[PATCH V2 2/2] arm64/mm: Reject memory removal that splits a kernel leaf mapping

Tue Feb 10 01:59:36 PST 2026

On 10/02/26 3:17 PM, Ryan Roberts wrote:
> On 03/02/2026 13:03, Anshuman Khandual wrote:
>> Linear and vmemmap mapings that get teared down during a memory hot remove
>> operation might contain leaf level entries on any page table level. If the
>> requested memory range's linear or vmemmap mappings falls within such leaf
>> entries, new mappings need to be created for the remaning memory mapped on
>> the leaf entry earlier, following standard break before make aka BBM rules.
>> But kernel cannot tolerate BBM amd hemce remapping to fine grained leaves
> 
> nits:                            ^^^ ^^^^^

Yikes ! will fix the typos.

> 
>> would not be possible on systems without BBML2_NOABORT.
>>
>> Currently memory hot remove operation does not perform such restructuring,
>> and so removing memory ranges that could split a kernel leaf level mapping
>> need to be rejected.
>>
>> while memory_hotplug.c does appear to permit hot removing arbitrary ranges
>> of memory, the higher layers that drive memory_hotplug (e.g. ACPI, virtio,
>> ...) all appear to treat memory as fixed size devices.

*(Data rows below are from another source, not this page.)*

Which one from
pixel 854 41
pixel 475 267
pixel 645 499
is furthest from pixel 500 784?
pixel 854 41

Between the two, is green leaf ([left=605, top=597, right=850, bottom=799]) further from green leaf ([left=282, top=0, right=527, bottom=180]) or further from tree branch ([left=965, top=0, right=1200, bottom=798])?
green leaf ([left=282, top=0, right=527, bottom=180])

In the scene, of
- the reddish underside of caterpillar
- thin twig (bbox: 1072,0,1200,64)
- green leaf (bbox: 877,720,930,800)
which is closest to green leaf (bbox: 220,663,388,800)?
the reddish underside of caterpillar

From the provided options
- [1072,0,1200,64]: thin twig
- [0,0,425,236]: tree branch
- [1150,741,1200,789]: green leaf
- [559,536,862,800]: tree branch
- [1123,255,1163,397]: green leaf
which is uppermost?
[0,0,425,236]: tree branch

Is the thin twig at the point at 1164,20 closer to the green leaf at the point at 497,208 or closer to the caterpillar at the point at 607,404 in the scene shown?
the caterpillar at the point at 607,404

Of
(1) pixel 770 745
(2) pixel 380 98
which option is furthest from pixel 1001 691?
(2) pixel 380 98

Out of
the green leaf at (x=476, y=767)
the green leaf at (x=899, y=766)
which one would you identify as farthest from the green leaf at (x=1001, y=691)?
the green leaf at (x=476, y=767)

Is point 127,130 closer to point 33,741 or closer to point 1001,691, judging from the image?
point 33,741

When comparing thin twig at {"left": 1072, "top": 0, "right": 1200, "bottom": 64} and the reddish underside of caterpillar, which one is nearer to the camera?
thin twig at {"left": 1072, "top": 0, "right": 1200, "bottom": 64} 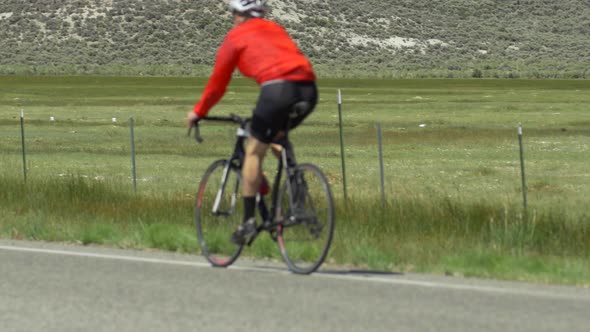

So it is impossible
>> to hotunplug a different amount than was previously hotplugged, and hence
>> we should never see a rejection in practice, but adding the check makes us
>> robust against a future change.
>>
>> Cc: Catalin Marinas <catalin.marinas at arm.com>
>> Cc: Will Deacon <will at kernel.org>
>> Cc: linux-arm-kernel at lists.infradead.org
>> Cc: linux-kernel at vger.kernel.org
>> Closes: https://lore.kernel.org/all/aWZYXhrT6D2M-7-N@willie-the-truck/
>> Fixes: bbd6ec605c0f ("arm64/mm: Enable memory hot remove")
>> Cc: stable at vger.kernel.org
> 
> Given your statement in the commit log above about how this never happens in
> practice but is instead to make us robust to any future changes, perhaps this is
> not a stable candidate?
> 
> For clarity; I do agree that this extra robustness is useful so I think we
> should aim to get it upstream, I just don't think it needs to go to stable.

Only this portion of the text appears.